Was wird bei diesen Hilferufen in der Presse vermieden, wie der Teufel das Weihwasser? Was wird selbst hier in dem langen Statement des Teams nicht mal auch nur im Ansatz erwähnt?
Wer geht denn, wenn eine Person krank ist, mit 6 bis 8 weiteren Personen ins Krankenhaus, drängelt sich vor, macht solange Krach und Ärger, bis man dran genommen wird und auch noch das bekommt was man will? Wieso spricht man das nicht aus? Die Herrschaften haben gelernt, dass man so unser System aushebelt, und dass wir uns das gefallen lassen, ist nicht deren Schuld. Muss das wirklich noch viel schlimmer werden, bevor es beim Namen genannt wird - und damit endlich die Ursachen angegangen werden statt verallgemeinert rumzujammern?
Das ist nicht allein der "zunehmenden Agressivität der Gesellschaft" geduldet und auch nicht einzelnen Fällen, sondern das wird vorsätzlich so durchgezogen, der Erfolg gibt ihnen ja Recht.
Absolut.
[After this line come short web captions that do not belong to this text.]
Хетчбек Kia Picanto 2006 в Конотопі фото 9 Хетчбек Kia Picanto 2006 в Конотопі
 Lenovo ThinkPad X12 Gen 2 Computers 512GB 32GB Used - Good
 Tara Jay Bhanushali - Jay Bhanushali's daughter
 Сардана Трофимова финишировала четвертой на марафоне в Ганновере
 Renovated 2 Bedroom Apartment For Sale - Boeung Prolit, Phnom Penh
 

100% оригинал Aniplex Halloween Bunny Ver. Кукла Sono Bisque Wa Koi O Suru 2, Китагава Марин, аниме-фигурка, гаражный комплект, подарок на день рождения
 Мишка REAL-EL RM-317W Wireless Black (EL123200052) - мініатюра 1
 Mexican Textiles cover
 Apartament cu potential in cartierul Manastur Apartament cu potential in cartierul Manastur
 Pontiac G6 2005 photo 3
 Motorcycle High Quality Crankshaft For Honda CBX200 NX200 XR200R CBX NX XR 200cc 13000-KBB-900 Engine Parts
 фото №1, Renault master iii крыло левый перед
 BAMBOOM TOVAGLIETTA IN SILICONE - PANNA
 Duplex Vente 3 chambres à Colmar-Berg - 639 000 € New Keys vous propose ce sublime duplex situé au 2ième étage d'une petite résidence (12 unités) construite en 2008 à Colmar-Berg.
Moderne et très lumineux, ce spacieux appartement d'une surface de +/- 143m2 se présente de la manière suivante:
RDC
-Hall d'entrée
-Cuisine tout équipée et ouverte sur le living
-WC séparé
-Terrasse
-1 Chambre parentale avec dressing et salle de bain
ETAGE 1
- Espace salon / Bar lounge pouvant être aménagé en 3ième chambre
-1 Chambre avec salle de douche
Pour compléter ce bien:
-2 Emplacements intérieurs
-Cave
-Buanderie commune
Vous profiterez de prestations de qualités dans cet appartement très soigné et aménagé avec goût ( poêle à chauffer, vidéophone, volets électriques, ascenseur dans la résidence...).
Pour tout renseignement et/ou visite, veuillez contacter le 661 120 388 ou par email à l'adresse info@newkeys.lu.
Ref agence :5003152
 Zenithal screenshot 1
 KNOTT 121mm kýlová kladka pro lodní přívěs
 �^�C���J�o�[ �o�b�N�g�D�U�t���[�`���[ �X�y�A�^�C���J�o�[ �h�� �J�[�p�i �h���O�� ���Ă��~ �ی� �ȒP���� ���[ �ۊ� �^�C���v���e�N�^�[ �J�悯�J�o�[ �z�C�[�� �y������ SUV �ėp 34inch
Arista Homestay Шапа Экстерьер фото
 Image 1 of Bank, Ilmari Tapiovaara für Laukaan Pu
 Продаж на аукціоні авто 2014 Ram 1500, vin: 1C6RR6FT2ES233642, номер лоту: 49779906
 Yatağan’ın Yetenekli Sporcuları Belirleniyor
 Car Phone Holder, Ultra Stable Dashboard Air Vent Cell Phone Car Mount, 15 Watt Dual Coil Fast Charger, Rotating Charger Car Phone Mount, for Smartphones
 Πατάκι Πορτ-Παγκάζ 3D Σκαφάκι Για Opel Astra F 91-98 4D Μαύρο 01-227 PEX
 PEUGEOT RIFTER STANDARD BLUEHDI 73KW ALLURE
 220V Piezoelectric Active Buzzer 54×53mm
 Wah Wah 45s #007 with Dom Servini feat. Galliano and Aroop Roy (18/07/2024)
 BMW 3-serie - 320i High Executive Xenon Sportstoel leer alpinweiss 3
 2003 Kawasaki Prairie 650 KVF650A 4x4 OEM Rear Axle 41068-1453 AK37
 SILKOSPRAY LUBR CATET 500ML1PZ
Dass die offensichtlichsten Gründe nicht benannt werden ist, wie überall, nicht zielführend. Wie soll man denn so die Probleme in den Griff bekommen...
Ganz einfach. Keine Empathie mehr. Die denken nur an sich und alle anderen sind egal Hauptsache das eigene ich steht über anderen
In Kombination mit wenig Geduld kommt dann sowas raus
Das Gegenteil sind Menschen die sich in andere hineinversetzen können und Verständnis aufbringen
Danke für Deine ausführliche Antwort.